Intermittent 502 Bad Gateway Errors on Serverless Load Balancer Endpoints
Hi RunPod team and community,
I’m experiencing intermittent 502 Bad Gateway errors on my serverless load balancer endpoints. The requests are usually processed normally, and my logs don’t show any clear pattern or error when the 502 occurs. The timeout settings are reasonable and not being hit.
Has anyone else encountered this issue?
* The error appears randomly, even when the endpoint is otherwise healthy.
* There’s no indication in the logs as to why the 502 is triggered.
* Restarting the endpoint sometimes helps, but the issue returns sporadically.
Possible causes I’ve considered:
* Backend worker or pod becoming temporarily unresponsive.
* Temporary network or infrastructure issues.
* Application-level handler failures that don’t show up in logs.
I’ve seen similar advice for pods (e.g., restarting after a "Bad Gateway" error in Stable Diffusion setups), but nothing specific for serverless endpoints [Stable Diffusion OpenPose Blog].
Would appreciate any insights or suggestions from others who have faced this, or from the RunPod team.
Is there a recommended way to debug or mitigate these intermittent 502 errors on serverless endpoints?
Note: I’ve created 3–4 custom load balancer endpoints so far, and based on my observations, this issue occurs for endpoints where worker takes more than about 1.5 minutes to process a request.
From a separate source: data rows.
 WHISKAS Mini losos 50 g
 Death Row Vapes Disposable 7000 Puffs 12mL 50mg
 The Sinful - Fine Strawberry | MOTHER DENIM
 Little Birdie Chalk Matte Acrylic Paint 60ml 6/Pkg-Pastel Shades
It happens most of the time, though occasionally it works without any issues with exact same GPU type and RAM configurations(so here we rule out the issues related to OOM).
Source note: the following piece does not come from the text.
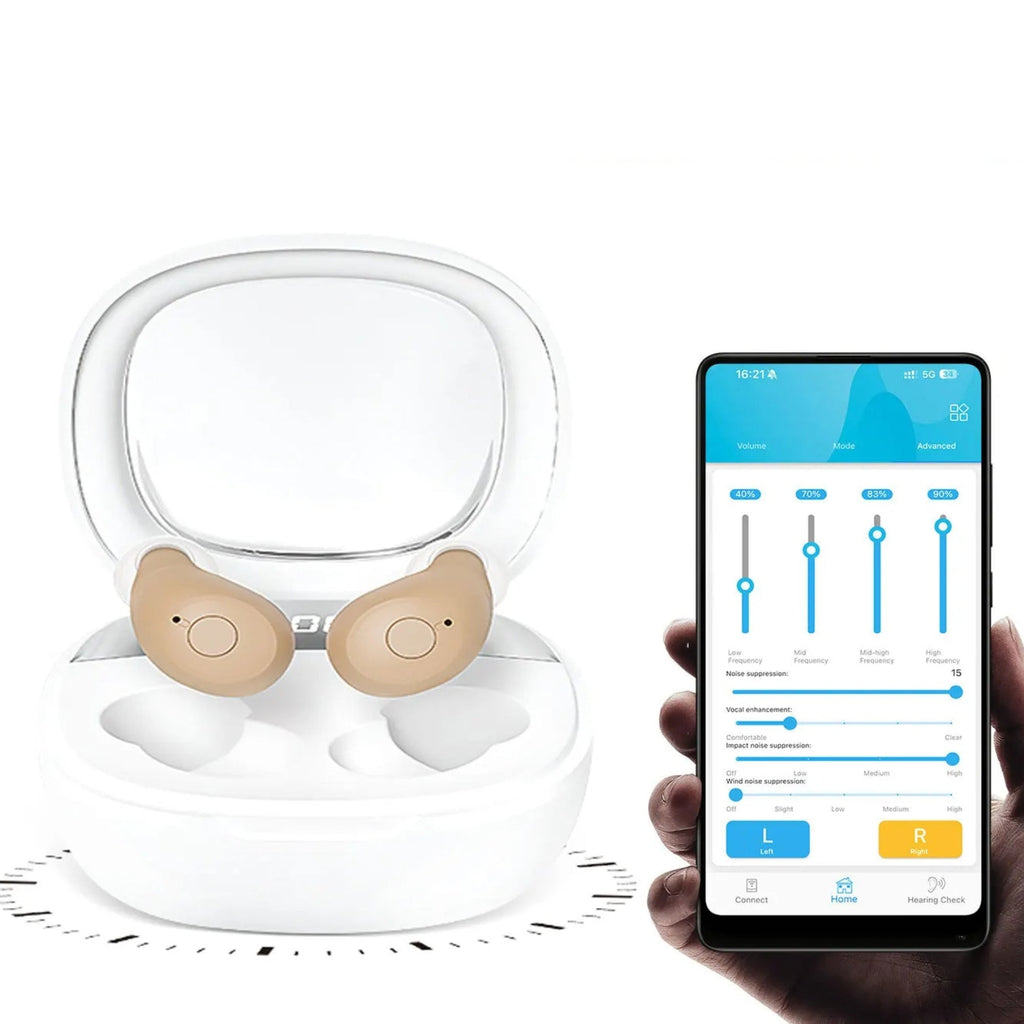 VoiceVivid™ ITE Smart Hearing (App Controlled)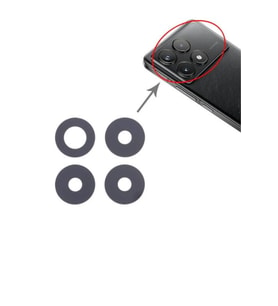 Xiaomi Uyumlu Poco F6 Pro Kamera Lensi Cam 23113RKC6G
I can provide more details on request.
Thanks!
3 Replies
I have confirmed it's a problem with Runpod serverless load balancer system by deploying the exact same docker image as a Pod. I used the proxy to call the FastAPI endpoints and it worked as expected every single time.
can you DM me details, ill work with you to see if its a bug or something else, can setup a meeting as well through DMs
normally these things go through support, you can still open a ticket but i've been closely involved with load balancer and we are actively trying to get it to GA stage from current beta
Shared the details over DM for now. I will open a new ticket as soon as my current one is closed.